And when he was spinning away at his wheel earlier that night and caught a white streak and a flash reflected off the glass of one of his display cabinets and realized what time of the year it was, that vision of her sitting at the fire with her nose in that book rose from the deep dark waters of his memories, like a mermaid’s tail surfacing from the sea and glittering in the sun, and her name came falling softly from his lips. Then came the indecision and the pacing and the accidental rude awakening, and now, somehow, she had figured it all out. As if he were see-through. And _still_ her eyes were on him. Well, enough. He couldn’t take much more of this strange scrutiny. He must be firm.

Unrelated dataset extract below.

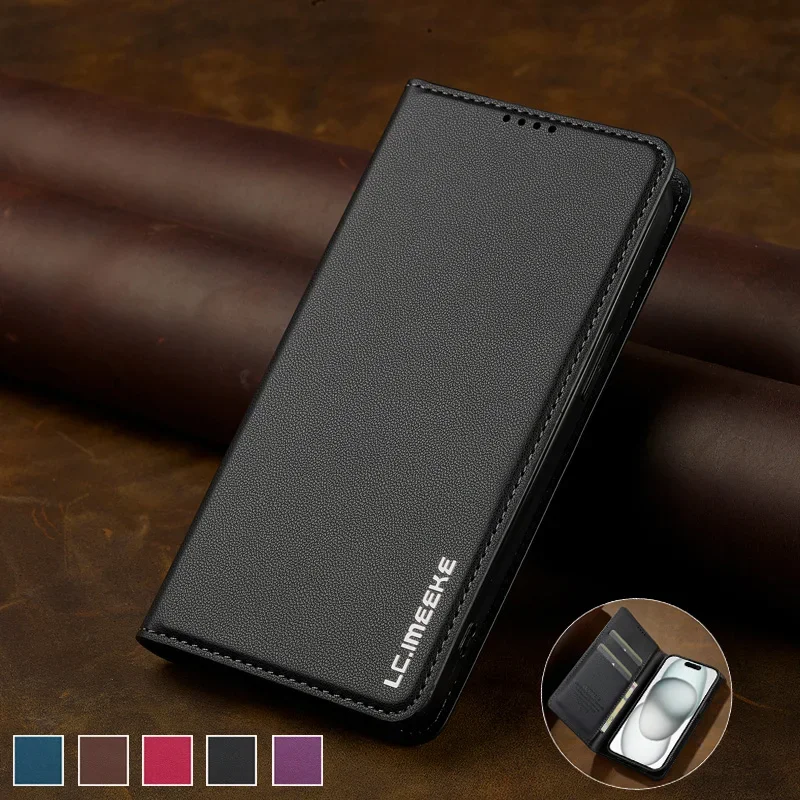 Flip magnético capa de couro para iphone 16 pro max cartão carteira capa à prova de choque para iphone 15 14 pro max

“I didn’t bring you all the way up here to stare at _me_ ,” he growled with a stern edge to his voice.

She laughed as if he hadn’t growled but mewled like a kitten, shrugged, and with half a smirk twisting her lips she tore her gaze away to face the falling stars – no, meteors – again. In a contained but obviously amused voice, Belle quietly teased, “You started it.”

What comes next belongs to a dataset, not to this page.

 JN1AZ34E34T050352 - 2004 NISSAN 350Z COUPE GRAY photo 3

He simply could not have heard that right. Every muscle in his body stiffened, his jaw clenched, his eyes wide as could be and fixed to the mountains, though he wasn’t really looking. A second wave of that all-consuming urge to flee washed over him, but he managed to stand firm in the deluge for another few silent moments, until he felt her arm start to wrap around his, and his heart jumped and screamed and caused him to transport them back to the hallway, right in front of her door. He jerked back, the blanket falling around their feet and almost making him trip. So he stumbled into the wall, and with a little sound of surprise, he stood up straight and brushed off the imaginary dirt from his shirt sleeves.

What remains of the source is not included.